====== Data block

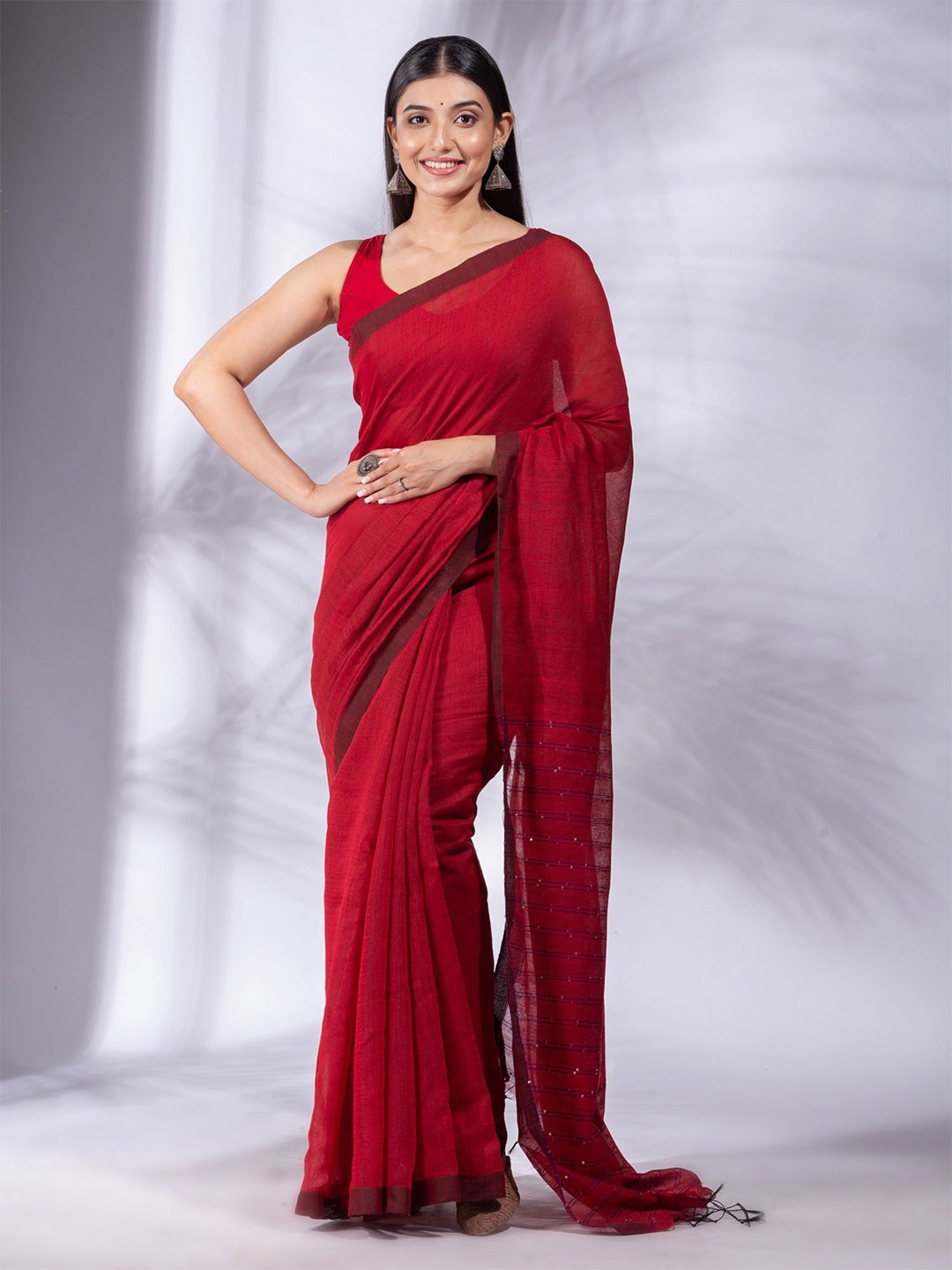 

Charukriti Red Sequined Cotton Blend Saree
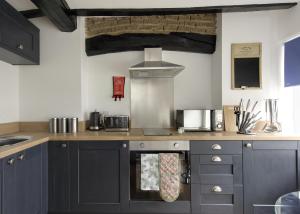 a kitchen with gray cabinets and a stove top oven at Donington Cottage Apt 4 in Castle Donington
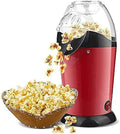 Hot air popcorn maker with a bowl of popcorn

============

Task brief
With the pictures removed, output the listing above exactly.

Result
Charukriti Red Sequined Cotton Blend Saree
 a kitchen with gray cabinets and a stove top oven at Donington Cottage Apt 4 in Castle Donington
 Hot air popcorn maker with a bowl of popcorn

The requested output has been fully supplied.